SENTIDOS DO
CORPORATIVISMO (1987) Simon Schwartzman
Dizem os historiadores que, na Idade Média, as profissões se organizavam
como corporações fechadas, onde o conhecimento era transmitido de pai para
filho ou de mestre para aprendiz. Haviam regras estritas sobre quem podia
e quem não podia entrar, e quem pertencia a uma corporação tinha orgulho
de sua competência profissional. Instituições de vocação monopolista, as
corporações regulavam o preço de seus serviços, e controlavam quem podia
e quem não podia trabalhar.
O tempo muda as coisas, e também o sentido das palavras. As antigas corporações
artesanais deram lugar, aos poucos, aos sindicatos, e as corporações de
natureza mais intelectual se transformaram nas modernas profissões liberais.
O termo "corporação", hoje em dia, significa principalmente uma grande empresa,
que integra verticalmente capitalistas, executivos, operários e técnicos
sob a mesma estrutura administrativa.
Os conflitos sociais trazidos pelo capitalismo fizeram renascer a idéia
romantizada da corporação medieval como uma forma quase perfeita de organização
social, na qual cada qual seria conduzido pela mão dos mais velhos no aprendizado
de sua profissão e seu lugar na sociedade, e uma regulamentação estrita
garantiria o lugar de cada corporação em uma sociedade perfeitamente harmônica
e integrada. O corporativismo, como alternativa para o capitalismo e a luta
de classes, fez parte da ideologia de todos os fascismos dos anos 20 e 30,
e chegou até nós pela legislação trabalhista e educacional do Estado Novo.
Se o corporativismo clássico era uma forma de organização e defesa da sociedade
ante os poderes reis e da nobreza, na versão autoritária o corporativismo
foi o inverso, ou seja, um mecanismo para a subordinação e o controle da
sociedade pelo Estado. O corporativismo fascista nunca chegou a existir
plenamente e não passou de uma ideologia de justificação de formas brutais
de controle político e de opressão, que não sobreviveu ao fim das ditaduras
de Franco e Salazar.
Hoje fala-se novamente em corporativismo, mas agora em dois sentidos distintos.
O primeiro é uma seqüela tardia do corporativismo fascista. Agora que o
Estado não quer, e freqüentemente não pode, regular e controlar as atividades
de cada grupo e categoria profissional, são estas categorias que exigem,
do Estado, suas regras, seus privilégios e direitos exclusivos, seus monopólios.
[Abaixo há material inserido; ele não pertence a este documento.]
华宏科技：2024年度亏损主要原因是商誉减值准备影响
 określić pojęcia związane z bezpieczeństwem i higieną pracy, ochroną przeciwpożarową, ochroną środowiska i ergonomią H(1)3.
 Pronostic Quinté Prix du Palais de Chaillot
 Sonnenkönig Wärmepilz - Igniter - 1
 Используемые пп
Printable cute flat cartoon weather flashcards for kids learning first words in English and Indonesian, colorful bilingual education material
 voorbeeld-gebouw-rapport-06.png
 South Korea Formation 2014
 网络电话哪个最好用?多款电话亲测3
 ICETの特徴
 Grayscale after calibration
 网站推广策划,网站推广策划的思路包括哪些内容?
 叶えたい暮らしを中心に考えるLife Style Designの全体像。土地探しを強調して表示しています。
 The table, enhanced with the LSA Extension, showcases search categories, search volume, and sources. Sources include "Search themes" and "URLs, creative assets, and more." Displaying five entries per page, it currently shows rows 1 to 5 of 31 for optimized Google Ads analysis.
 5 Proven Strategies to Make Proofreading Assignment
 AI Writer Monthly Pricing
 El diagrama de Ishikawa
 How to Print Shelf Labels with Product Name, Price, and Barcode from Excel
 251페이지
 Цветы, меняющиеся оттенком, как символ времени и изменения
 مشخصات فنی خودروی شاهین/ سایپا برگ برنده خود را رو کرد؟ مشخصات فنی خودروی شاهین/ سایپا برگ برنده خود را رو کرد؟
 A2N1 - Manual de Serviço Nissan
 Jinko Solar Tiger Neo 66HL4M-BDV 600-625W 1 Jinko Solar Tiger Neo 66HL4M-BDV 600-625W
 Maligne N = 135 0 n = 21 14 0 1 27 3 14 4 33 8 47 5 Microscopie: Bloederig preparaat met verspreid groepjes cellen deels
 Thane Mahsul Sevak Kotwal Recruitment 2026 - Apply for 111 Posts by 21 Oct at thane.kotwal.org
Sem um Estado forte a autoritário para controlá-las, e sem um mercado competitivo
para exigir desempenho e eficiência, as novas/velhas corporações buscam
maximizar sua presença na arena política, onde há a ilusão de que os ganhos
podem ser fáceis e podem ser conquistados no grito. Desta forma, cada grupo
e setor procura garantir seus direitos e privilégios, e tudo estaria bem
se houvesse um Estado rico e benfeitor, ou uma providência divina, cuidando
de que a soma das conquistas de todos não seja muito distinta do total das
riquezas que poucos parecem se preocupar, realmente, em produzir.
Há um novo tipo de corporativismo na Europa de hoje que tem um outro sentido,
e que corresponde a um estágio mais avançado do sindicalismo. Nos países
onde isto ocorre, o movimento sindical e associativo é tão independente,
competente e organizado que pode, quando quer, paralisar a economia e impor
sua vontade. O resultado, no entanto, não é o impasse, mas a co-responsabilidade,
e um entendimento social que permite que soluções consensuais sejam buscadas
para as questões de interesse nacional, com benefícios para todos. É difícil
dizer se esta experiência, própria de países pequenos e ricos, tem alguma
relevância para nós. O que ela sugere, no entanto, são duas coisas: primeiro,
que as sociedades modernas necessitam de consenso e co-responsabilidade
para prosperar; e, segundo, que esta co-responsabilidade requer a autonomia
e o fortalecimento das entidades representativas da sociedade, e não sua
dependência e acomodação à sombra dos benefícios do Estado.